Capital New York reported last week that two-time Owens challenger Matt Doheny was “making calls around the district” to GOP county leaders to explore another run.
However, some local leaders expressed concerns that Doheny might be trying to jump in too late. And sources familiar with the district say Doheny has not received support from the National Republican Congressional Committee (NRCC), the source added.
A wealthy investor, Doheny narrowly lost both the 2010 and 2012 elections to Owens. Ethical issues plagued his campaigns following the emergence of a string of unflattering reports, including two charges of boating under the influence during a two-week span in 2004 and two lawsuits in 2000 and 2005 for failing to pay rent on time for separate New York City apartments.
Photos in March 2012 also depicted Doheny kissing a campaign consultant while he was engaged to another woman. A subsequent video showed him groping the consultant.
Doheny did not return calls seeking comment.
Bill Teator, a political consultant who has worked with GOP lawmakers from the district, said in an interview that Stefanik’s campaign message of increased opportunity has resonated with local party committees in the mostly rural, historically Republican district.
“She and her family were afforded an opportunity, and that’s what she wants to see afforded to more people to maintain the quality of life,” Teator said. “That message is much more appealing and much more well received by the other constituents in the district as opposed to the Wall Street, big government alliance that we’ve seen too many times here.”
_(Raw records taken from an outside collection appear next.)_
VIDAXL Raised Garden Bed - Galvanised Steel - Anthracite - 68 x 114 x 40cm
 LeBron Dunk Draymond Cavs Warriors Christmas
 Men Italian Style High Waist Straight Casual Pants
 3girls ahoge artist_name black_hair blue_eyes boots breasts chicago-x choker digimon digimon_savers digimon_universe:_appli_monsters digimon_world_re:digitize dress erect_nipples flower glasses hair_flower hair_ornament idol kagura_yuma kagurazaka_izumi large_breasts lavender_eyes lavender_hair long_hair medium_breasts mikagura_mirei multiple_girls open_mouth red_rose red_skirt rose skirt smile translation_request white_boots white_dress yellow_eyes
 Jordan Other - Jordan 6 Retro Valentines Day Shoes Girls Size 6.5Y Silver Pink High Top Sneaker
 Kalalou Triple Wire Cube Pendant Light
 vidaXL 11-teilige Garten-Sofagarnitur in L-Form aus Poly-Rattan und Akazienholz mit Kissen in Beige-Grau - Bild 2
Owens’ campaign released successive ads in 2012 that spotlighted Doheny’s ties to high finance and negative reports about his character.
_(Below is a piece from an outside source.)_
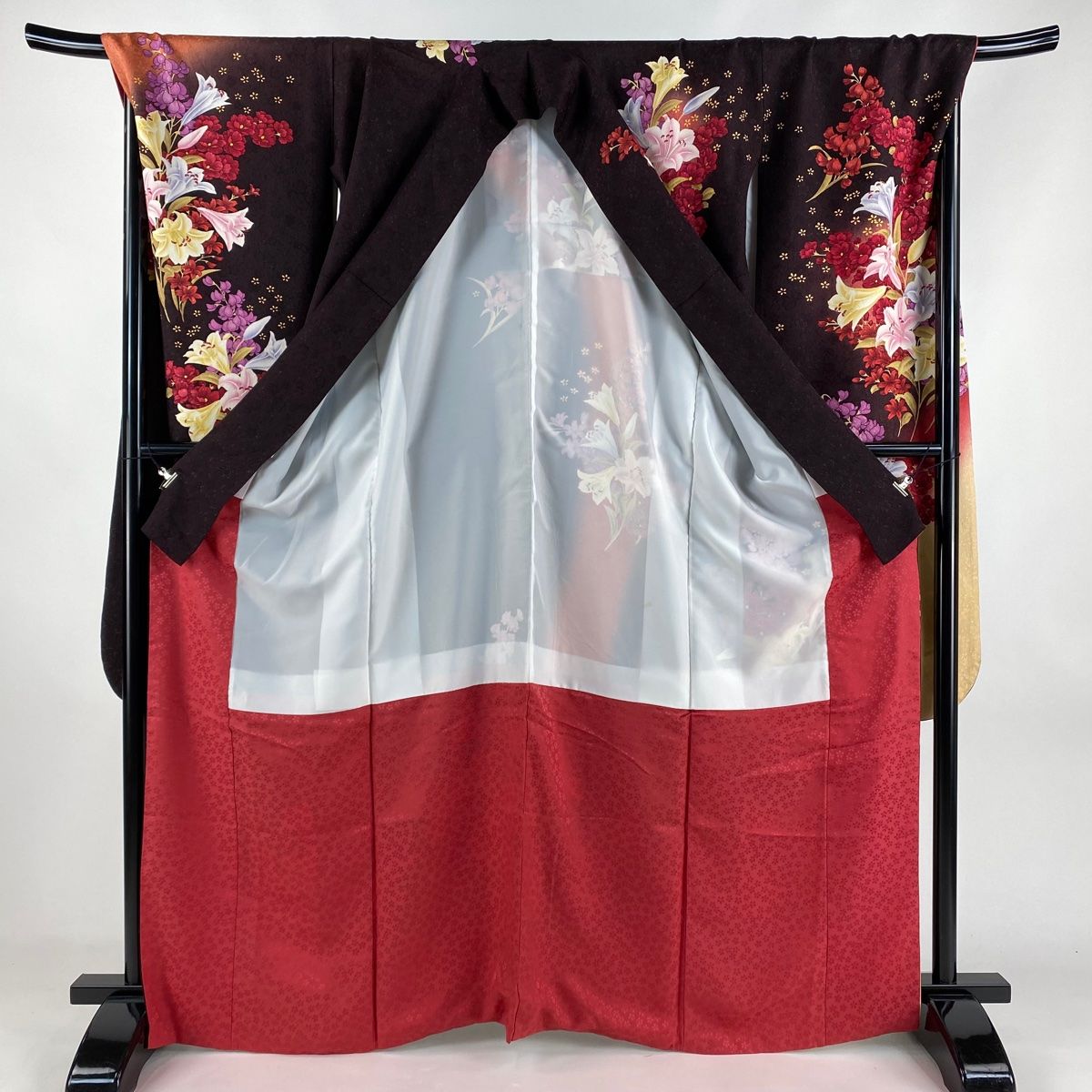 振袖 身丈165cm 裄丈74cm L 袷 百合 草花 銀通し 金糸 茶紫 正絹 美品  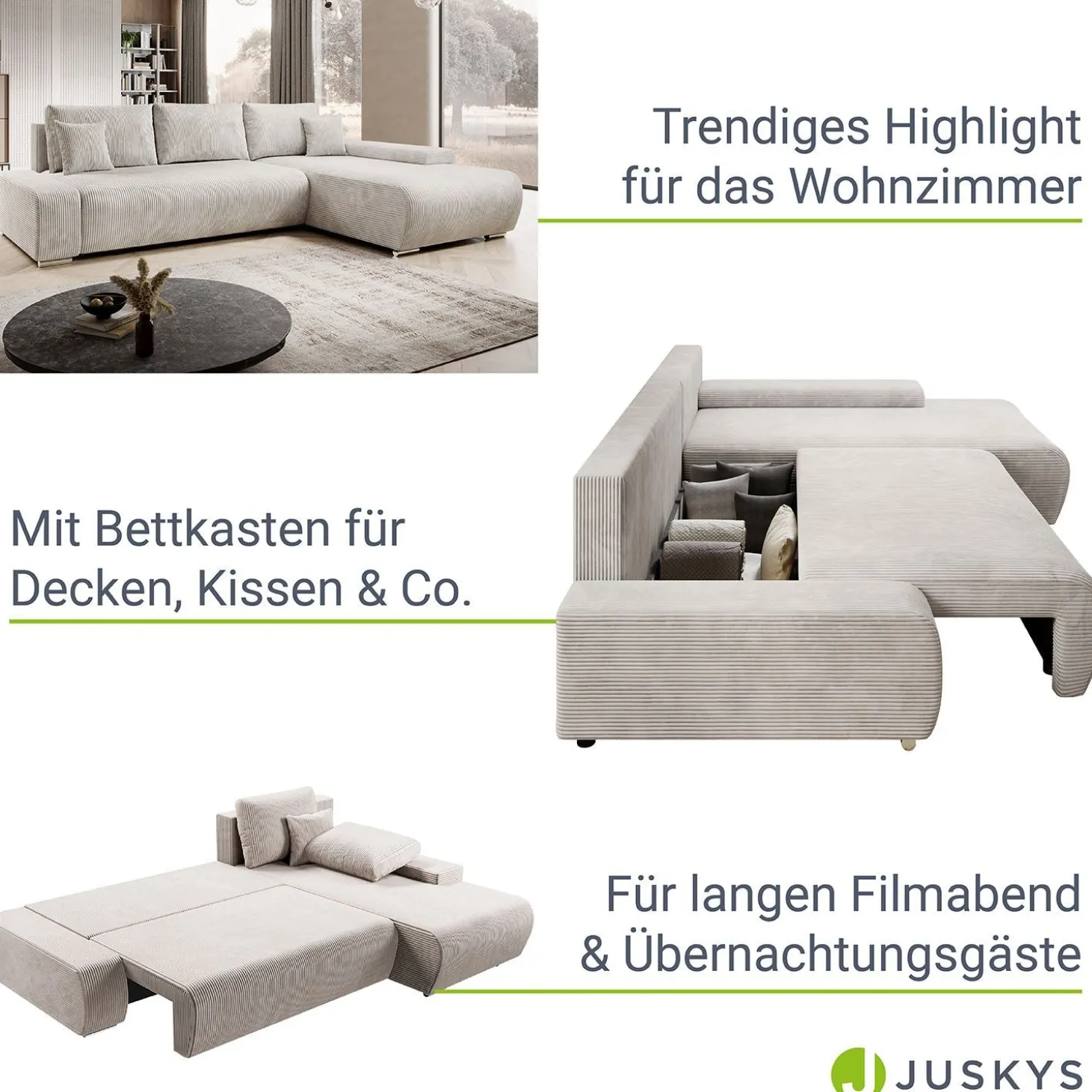 Sofa Iseo mit Schlaffunktion Trendige & bequeme Couch mit Cord-ähnlichem Stoff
One ad portrayed Doheny as an out-of-touch Wall Streeter in “a tale of four islands”—naming a company he worked for in Manhattan, a company that utilized the Cayman Islands as a tax haven, and two islands he bought with his own personal wealth. Doheny was returning to one of those private islands when he received the charges of boating under the influence in 2004.
Another ad subtly encouraged voters to Google Doheny’s name, which would have produced reports about the eyebrow-raising photos and video at the time.
One of the sources familiar with the district said in an interview that the videos could come back to haunt Doheny if he were to run again this year.
“I’m not sure what has changed from then to now that would change that narrative or perception of Matt Doheny, which is why I’m not sure he would want to go through with this,” the source said.
Doheny is not the only Republican reportedly considering a challenge to Stefanik for the GOP nomination.
Tea Party leader and retired Army Maj. Joseph Gilbert and activist Michael Ring have also announced their candidacies, but neither has generated significant financial or grassroots support.
Stefanik has continued to seek endorsements ahead of the June primary. Doug Hoffman—the conservative former third-party candidate who challenged Doheny and Owens in 2010—told the Weekly Standard last week that he was endorsing Stefanik, a move that could align both Tea Party and moderate GOP support behind her.
Stefanik was the director of vice presidential debate prep for Ryan in the 2012 presidential election and also served as policy director for former Gov. Tim Pawlenty’s (R., Minn.) presidential campaign and the 2012 Republican National Platform.
“I am excited about the overwhelming support I’ve continued to earn across the 21st District,” Stefanik said in an email statement. “I will continue to work hard on the campaign trail and focus on my positive message of bringing new ideas, new leadership, and fresh energy to represent New York’s North Country by uniting the Republicans, Conservatives, and Independents. No one will outwork me in this campaign.”